* Directions *
How many lines in the entries below include the word "Edition"? Respond with the number only.

* Supplied entries *
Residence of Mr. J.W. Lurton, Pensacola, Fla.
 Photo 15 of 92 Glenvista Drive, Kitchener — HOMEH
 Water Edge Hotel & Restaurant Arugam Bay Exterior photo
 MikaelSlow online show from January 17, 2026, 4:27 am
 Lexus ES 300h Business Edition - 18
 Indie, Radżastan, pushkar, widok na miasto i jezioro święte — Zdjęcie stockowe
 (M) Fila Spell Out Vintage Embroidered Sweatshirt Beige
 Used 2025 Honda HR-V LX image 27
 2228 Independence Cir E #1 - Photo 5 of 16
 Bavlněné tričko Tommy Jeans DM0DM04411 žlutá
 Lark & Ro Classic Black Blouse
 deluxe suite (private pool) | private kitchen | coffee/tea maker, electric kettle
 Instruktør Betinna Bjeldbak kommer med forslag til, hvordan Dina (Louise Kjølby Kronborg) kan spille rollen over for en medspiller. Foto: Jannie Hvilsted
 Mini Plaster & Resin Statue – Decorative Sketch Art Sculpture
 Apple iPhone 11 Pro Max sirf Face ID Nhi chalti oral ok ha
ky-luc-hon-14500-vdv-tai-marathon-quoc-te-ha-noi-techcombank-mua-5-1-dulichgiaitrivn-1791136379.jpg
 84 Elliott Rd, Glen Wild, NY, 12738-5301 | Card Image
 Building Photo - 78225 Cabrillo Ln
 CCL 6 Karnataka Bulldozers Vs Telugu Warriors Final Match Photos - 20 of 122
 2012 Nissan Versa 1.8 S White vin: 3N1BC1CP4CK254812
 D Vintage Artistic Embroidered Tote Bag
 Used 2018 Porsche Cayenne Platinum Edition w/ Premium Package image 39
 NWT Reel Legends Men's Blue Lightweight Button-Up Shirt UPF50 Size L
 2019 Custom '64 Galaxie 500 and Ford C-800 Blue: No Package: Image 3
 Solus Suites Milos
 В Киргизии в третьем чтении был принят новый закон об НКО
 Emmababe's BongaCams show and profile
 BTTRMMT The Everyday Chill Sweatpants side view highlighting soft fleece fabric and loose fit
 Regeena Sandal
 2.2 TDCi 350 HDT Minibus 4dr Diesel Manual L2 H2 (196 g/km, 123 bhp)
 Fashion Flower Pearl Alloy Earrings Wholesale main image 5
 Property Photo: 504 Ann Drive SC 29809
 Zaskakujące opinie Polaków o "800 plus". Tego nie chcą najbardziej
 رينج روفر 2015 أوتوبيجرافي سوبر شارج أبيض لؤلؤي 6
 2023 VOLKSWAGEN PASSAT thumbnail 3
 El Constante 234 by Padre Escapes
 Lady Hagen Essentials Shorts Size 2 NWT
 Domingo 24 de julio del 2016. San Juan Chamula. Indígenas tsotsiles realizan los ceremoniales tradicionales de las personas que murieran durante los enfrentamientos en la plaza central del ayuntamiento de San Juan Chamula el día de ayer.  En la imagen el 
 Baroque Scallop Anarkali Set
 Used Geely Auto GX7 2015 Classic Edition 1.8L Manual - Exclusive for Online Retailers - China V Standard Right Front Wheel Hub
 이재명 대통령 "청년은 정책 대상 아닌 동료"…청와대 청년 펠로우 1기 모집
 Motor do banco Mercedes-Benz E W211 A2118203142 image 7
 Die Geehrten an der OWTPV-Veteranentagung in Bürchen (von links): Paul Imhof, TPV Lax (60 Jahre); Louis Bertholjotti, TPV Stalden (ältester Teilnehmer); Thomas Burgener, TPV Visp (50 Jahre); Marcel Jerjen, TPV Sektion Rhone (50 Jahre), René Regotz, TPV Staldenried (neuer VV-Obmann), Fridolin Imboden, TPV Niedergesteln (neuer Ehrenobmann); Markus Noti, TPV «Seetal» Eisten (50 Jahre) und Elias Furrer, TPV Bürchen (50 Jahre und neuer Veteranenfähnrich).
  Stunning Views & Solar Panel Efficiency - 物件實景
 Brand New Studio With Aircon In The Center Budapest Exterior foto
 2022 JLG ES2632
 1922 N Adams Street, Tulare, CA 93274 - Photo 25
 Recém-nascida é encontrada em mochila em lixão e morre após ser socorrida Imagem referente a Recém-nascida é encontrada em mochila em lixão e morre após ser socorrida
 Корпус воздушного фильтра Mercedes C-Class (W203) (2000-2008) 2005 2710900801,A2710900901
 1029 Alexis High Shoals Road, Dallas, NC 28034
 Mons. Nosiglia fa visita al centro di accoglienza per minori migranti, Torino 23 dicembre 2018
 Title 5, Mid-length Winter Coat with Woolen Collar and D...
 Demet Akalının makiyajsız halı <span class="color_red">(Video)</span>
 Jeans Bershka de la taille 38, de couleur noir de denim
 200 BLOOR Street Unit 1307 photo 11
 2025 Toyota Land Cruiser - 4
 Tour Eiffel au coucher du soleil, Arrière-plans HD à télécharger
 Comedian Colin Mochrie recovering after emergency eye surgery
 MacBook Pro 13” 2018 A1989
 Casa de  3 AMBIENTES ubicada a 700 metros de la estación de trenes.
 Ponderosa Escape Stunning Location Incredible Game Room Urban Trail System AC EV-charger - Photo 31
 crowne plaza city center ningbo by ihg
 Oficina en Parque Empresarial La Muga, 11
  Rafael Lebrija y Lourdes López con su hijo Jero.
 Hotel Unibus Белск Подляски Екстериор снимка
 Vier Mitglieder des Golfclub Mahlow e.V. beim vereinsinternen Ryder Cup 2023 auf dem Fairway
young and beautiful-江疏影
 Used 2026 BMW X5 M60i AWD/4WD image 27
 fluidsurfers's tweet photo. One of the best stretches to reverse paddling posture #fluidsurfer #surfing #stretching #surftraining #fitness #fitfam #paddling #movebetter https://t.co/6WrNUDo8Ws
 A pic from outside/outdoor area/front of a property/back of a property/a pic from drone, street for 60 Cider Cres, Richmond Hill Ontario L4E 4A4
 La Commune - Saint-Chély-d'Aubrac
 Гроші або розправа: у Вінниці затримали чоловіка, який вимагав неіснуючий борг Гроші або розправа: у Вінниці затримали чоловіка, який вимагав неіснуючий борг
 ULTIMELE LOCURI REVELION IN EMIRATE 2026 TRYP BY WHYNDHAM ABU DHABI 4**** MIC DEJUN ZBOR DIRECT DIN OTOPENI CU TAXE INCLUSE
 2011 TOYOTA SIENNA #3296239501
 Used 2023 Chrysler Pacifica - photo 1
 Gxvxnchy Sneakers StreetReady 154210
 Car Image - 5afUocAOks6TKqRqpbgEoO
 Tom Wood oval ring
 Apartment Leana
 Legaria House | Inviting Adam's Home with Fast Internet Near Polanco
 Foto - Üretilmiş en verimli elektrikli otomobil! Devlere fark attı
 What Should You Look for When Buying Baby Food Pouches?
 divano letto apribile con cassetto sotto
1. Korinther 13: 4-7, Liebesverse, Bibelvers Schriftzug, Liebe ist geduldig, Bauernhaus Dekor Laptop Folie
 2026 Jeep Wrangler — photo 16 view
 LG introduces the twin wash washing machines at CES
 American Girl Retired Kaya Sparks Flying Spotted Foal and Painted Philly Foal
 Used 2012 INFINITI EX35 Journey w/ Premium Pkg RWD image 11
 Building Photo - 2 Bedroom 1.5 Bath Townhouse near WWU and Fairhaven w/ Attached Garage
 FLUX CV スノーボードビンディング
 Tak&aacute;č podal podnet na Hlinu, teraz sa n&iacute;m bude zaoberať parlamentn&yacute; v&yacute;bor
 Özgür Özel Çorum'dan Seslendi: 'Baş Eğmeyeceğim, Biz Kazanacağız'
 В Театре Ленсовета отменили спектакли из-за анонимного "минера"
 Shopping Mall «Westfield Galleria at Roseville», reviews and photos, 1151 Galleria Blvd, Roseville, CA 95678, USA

* Exercise solution *
3